Vivevamo in un immaginario improntato a un'idea di individuo autonomo, autocentrato e di colpo… ci siamo trovati davanti la complessità

Miguel Benasayag

Benasayag è tra i fondatori del collettivo Malgré tout, e lavora da tempo sulla crisi della società della performace e sul rapporto tra identità e conflitto. Un rapporto che la pandemia ha in parte esacerbato, in parte occultato. Tra i suoi ultimi libri, Funzionare o esistere? e La tirannia dell'algoritmo editi da Vita e Pensiero nel 2019 e nel 2020, oltre alle Cinque lezioni di complessità, scritte con con Teodoro Cohen e recentemente apparse a cura della Fondazione Giangiacomo Feltrinelli di Milano.

Funzionare o esistere?

«Liberi tutti!». Sembrava facile, ma oggi assistiamo a una situazione tutt'altro che facile. Gli effetti sociali del Covid-19 hanno reso ostili le relazioni, anestetizzato il conflitto e, dopo un momento di iniziale e acritica adesione al lavoro da remoto, mostrato come anche le prestazioni richieste siano sempre più elevate rispetto a standard fisici e psichici messi a dura prova dalla pandemia…
Torniamo alla dicotomia tra funzionare ed esistere. Vogliamo esistere o vogliamo, semplicemente, funzionare? Ovviamente queste due parole le usiamo per comprendere il bivio in cui ci siamo cacciati, ma nel concreto la vita non ci pone mai davanti a scelte semplici. Anche quella tra funzionare e esistere non lo è, proprio perché mentre "funzioniamo"… esistiamo. E viceversa. Nel comprendere la differenza tra funzionare e esistere si tratta, soprattutto, di cogliere una matrice della post-modernità. È la post-modernità, infatti, a distinguere il funzionare dall'esistere, al fine di valorizzare il mero funzionare.

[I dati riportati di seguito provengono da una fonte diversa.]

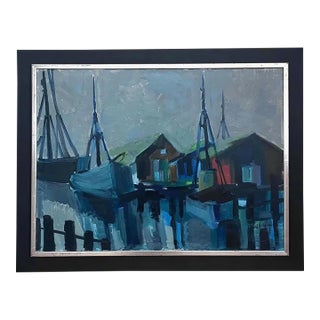 1950s Large Mid-Century Swedish Modernist Harbor Oil Painting by Dag Björn Hellsing For Sale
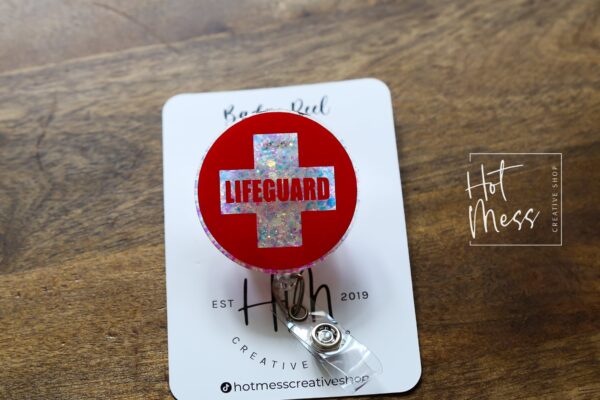 Lifeguard Badge Reel , Lifeguard Lanyard, Retractable Acrylic Badge Reel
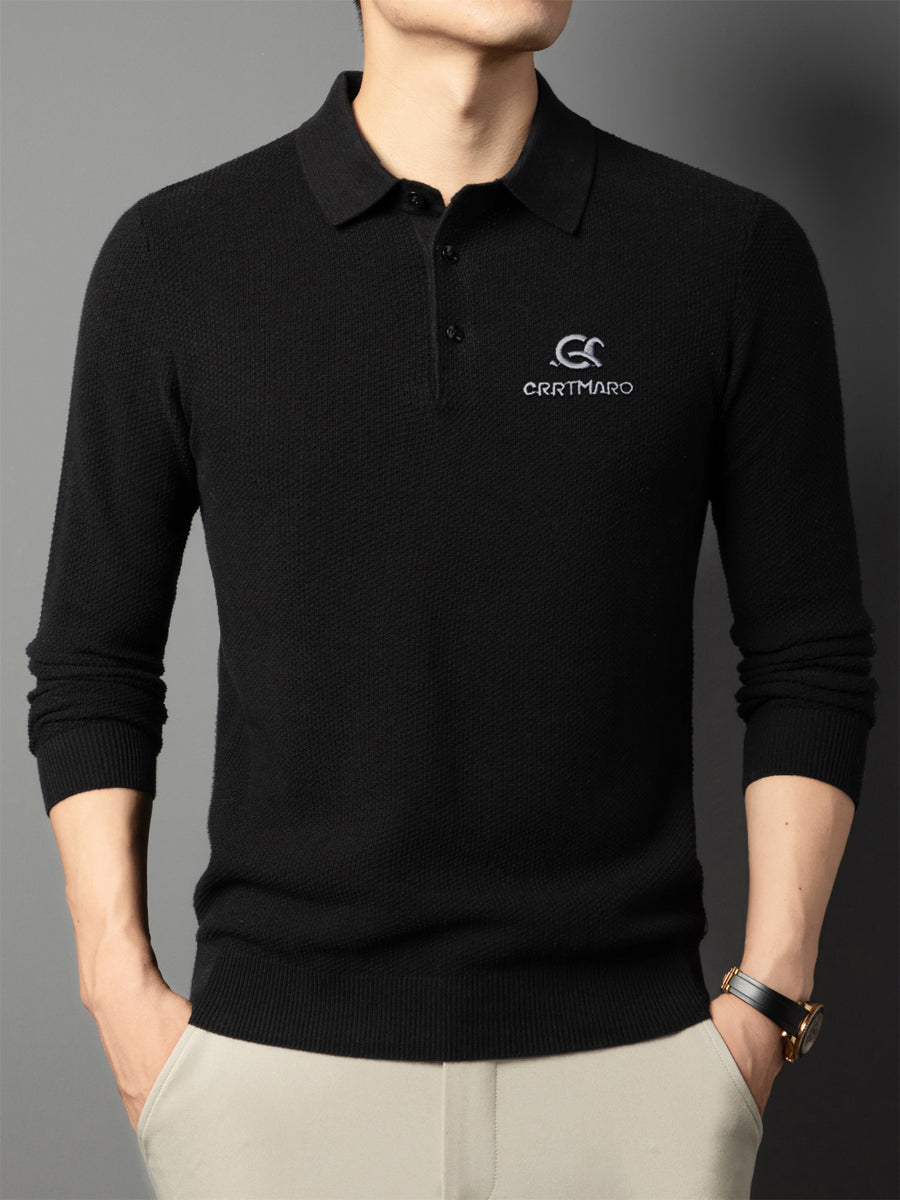 ZBZP Autumn/Winter Knitted 3D Solid Color Lapel Polo Sweater, Basic Knit Pullover, Men's Fashion Long-Sleeve Knitwear XD - Black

Funzionare, lavorare, performare., valutare, giudicare e infine espellere i refrattari dal sistema…
L'esistere è troppo complesso per la post-modernità che si è troppo a lungo accontentata di logiche binarie. La post-modernità vuole solo bianco o nero, ha espulso da sé la negatività. L'esistere, legato ai corpi, è per questa post-modernità troppo opaco, troppo chiaroscurale, troppo liminale.

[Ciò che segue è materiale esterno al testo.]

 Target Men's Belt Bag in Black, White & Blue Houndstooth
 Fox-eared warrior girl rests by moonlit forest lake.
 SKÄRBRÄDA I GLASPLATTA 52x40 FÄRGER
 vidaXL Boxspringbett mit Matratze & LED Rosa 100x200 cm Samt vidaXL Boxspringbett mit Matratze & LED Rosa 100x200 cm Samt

Poi, un anno fa, è arrivata questa pandemia…
La pandemia ha messo il mondo intero in un puro funzionare.

In che senso ci ha messi in un puro funzionare?
Perché la nostra risposta globale è stata: come continuare a fare, come non interropere X, Y o Z. In tre parole: come, nonostante il virus, potevamo continuare a funzionare indipendentemente da tutto. Indipendentemente dai corpi, dalle sofferenze, dai dolori, dalla malattia e da un sistema che, basta guardarci attorno, è sempre più onnipervarsivo ma anche sempre più fragile. C'è stata quasi un'euforia dopo i primi due mesi: riuscivamo a continuare e, nonostante tutto, ad andare avanti. Ma andare avanti in questo modo non basta e, forse, non serve nemmeno. Noi, ad esempio, stiamo parlando ora via skype: è importante, riusciamo a stabilire comunque una relazione, ma quando tutto è così, mediato e ipermediato, allora abbiamo un problema.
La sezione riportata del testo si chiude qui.